Monday, April 13, 2015

The Complexity of Romance Part I

There are times when biblical texts make more sense and come more alive than when read at other times. For me these days, 1 Corinthians 7, Paul's wisdom and encouragement regarding marriage and Christian service, resound with sharpened clarity. "The married man is anxious about worldly things, how to please his wife, and his interests are divided." To be sure, Paul is not making an ethical pronouncement; he has "no command' from the Lord regarding this matter. He's only talking practical daily wisdom, the limitations of time and energy during this distressing age.

I'm convinced we're living in times where the modern man's anxieties with regard to women are more complex and difficult than ever. Romance is a constant negotiation of will and power. The insatiable search to be adequately entertained distracts us from sitting down and resolving past resentments, present frustrations, and future plans. The fibres that bind together to create a strong rope are fraying, not from the ends, but from the middle. The orientations of leadership, of money, of nurture and support are no longer moving as one unified strand as they once did. They're moving in every direction, a tangled mess that threatens to rupture the cord.
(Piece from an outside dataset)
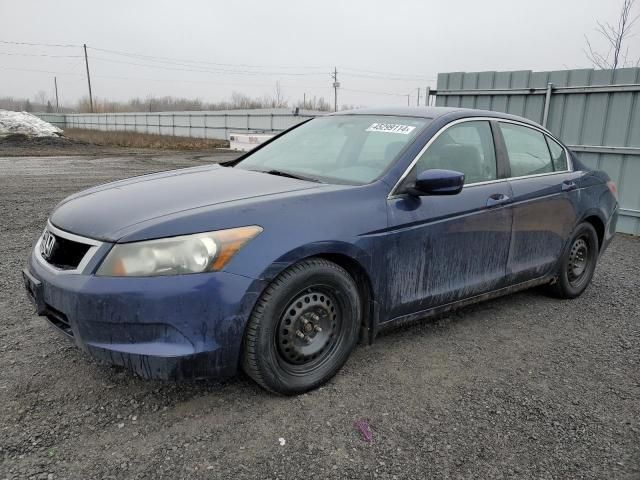 2009 Honda Accord LX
It's hard to blame a single perpetrator in this lamentable enterprise. But if I were to put my finger on it, the problem lies in the double edged sword of chivalry's death, and feminism's rise.

Tuesday, October 06, 2009

Present in the Moment

It's been a while since I truly behaved like a tourist. While I was living in southeast Asia, it didn't take long until I embraced it as my home. A native is one who longer thinks it a novelty to eat the food, use the facilities, feel the weather, talk with the people. While on my trip to Europe with my family, however, we behaved like total tourists. One thing I noticed that tourists do is to live for the photo shot. The place in which one stands and the view that one behold is not really about the being present in the moment. It's about saving the picture digitally, to be shared and looked when you are no longer there.

I've noticed the same thing happening during New Years and National Days - any celebration involving fireworks. The dazzling displays explodes in the night skies, sending shafts of brilliantly coloured light across the black expanse speckled with twinkling stars. The human eye is really the only thing that can really take in that live-action shot in all its splendour. And the human soul is the only thing that can really appreciate its beauty. And what do we do? We spend the entire 30 seconds to 3 minutes of the fireworks display trying to capture the "perfect" shot in our cameras. Failure after failure, blurry shot after blurry shot, we stare not at the fireworks in the sky, but the 2X3 inch screen on which a crappy picture displays, proving over and over how inadequate the technology is compared to our eyes.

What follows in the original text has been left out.